I just watched that entire scene just a few days ago and you’re right, there’s no blood or anything.

And i think it goes together with the fact that his body just crumbled and broke into dust instead of collapsing like a normal body would. There’s something to it, i’m sure. 

The question then becomes - did it turn to dust because it had been dead for a really long time and without the fly there was nothing holding it together any more? Or because it wasn’t a “real” body in the first place? Or is the reason simply because Scott bit him and “changed the body”? That didn’t happen with Satomi - she wasn’t an alpha at the time either and simply held Rhys steady using her claws to his back - much in the same way that Peter and Derek did to Jackson actually come to think of it… 

As soon as he was stabbed the fly that was animating him escaped and that was when the body turned to dust. Compare it to what happened to Rhys and it’s a whole other story. His bandaged body was also animated by the fly and when it was driven out his body also fell to the floor, but it didn’t crumble. In fact Noshiko hid it in the wall and Stiles and Malia found it decades later where it looked like it had been decomposing in a normal kind of way.

I’ve been thinking for a while that there’s something strange going on with Stiles and perhaps there’s been more of him throughout time. Lots more. Like Orphan Black more.

I’ve been seeing him next to cyclones all  through my season 2 rewatch. Cyclones in itself is interesting and there might be a connection there but what if it’s a double meaning. Or a meaning plus a clever play on words? cyCLONE.

This image from the 2006 yearbook has been haunting me for ages

Let’s zoom in on number 24 right under that cyclone. And with the lacrosse ball right under it, it looks like an exclamation point. and the word “cyclone” has been cut so it basically says “clone”. 

Home of the Beacon Hills Clones… what if it literally is just that?

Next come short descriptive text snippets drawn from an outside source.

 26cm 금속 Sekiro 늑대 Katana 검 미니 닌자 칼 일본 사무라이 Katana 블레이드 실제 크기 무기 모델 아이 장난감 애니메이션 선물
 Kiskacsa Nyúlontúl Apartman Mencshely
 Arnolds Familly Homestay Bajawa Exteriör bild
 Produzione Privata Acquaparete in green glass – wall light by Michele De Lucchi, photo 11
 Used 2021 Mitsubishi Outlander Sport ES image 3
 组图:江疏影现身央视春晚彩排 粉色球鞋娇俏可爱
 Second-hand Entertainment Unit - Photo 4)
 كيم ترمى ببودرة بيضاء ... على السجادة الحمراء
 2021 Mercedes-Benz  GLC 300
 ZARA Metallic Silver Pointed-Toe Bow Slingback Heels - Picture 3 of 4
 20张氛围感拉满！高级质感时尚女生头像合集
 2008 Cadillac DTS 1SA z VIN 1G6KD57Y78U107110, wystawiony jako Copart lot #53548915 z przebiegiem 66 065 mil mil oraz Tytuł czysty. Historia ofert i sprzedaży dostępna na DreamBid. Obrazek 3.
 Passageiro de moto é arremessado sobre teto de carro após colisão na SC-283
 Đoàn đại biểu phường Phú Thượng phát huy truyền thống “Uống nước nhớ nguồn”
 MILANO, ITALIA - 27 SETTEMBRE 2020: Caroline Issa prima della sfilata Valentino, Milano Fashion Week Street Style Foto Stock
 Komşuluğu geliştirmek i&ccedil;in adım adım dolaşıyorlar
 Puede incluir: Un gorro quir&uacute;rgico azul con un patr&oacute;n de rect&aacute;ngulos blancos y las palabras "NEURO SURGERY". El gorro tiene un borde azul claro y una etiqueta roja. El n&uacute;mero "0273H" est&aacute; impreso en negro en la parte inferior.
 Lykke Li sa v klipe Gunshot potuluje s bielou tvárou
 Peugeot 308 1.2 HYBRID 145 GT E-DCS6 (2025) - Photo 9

That looks an awfully lot like Stiles. but this is the 2006 yearbook. In the episode 2x08 where this is shown the year is 2011 and Stiles is a sophomore and 16 years old. If that is Stiles he might have been at school at the same time as Derek. The fire was six years ago that is true, but what if the stiles in this photo is a sophomore or older then he would have been in high school at the time of the fire. Is this why he remembers it so readily when they first meet Derek? And also why he recognizes him? And could this also explain the comment about “he’s just a few years older than us”. Is it residual memories of a previous clone-body? I know that the pilot script had Derek described as 19 years old, so this is probably way off base, but it amuses me and gives me all kinds of fun fic ideas that i will never turn into anything other than a rough draft. </ramble>

calicokat-teenwolf​ actually touched upon clones in a post the other day as well, so i know i’m not the only one playing with thoughts on this (and that is strangely comforting because sometimes i do think i’m taking things to far. but at least i’m not alone in my madness :))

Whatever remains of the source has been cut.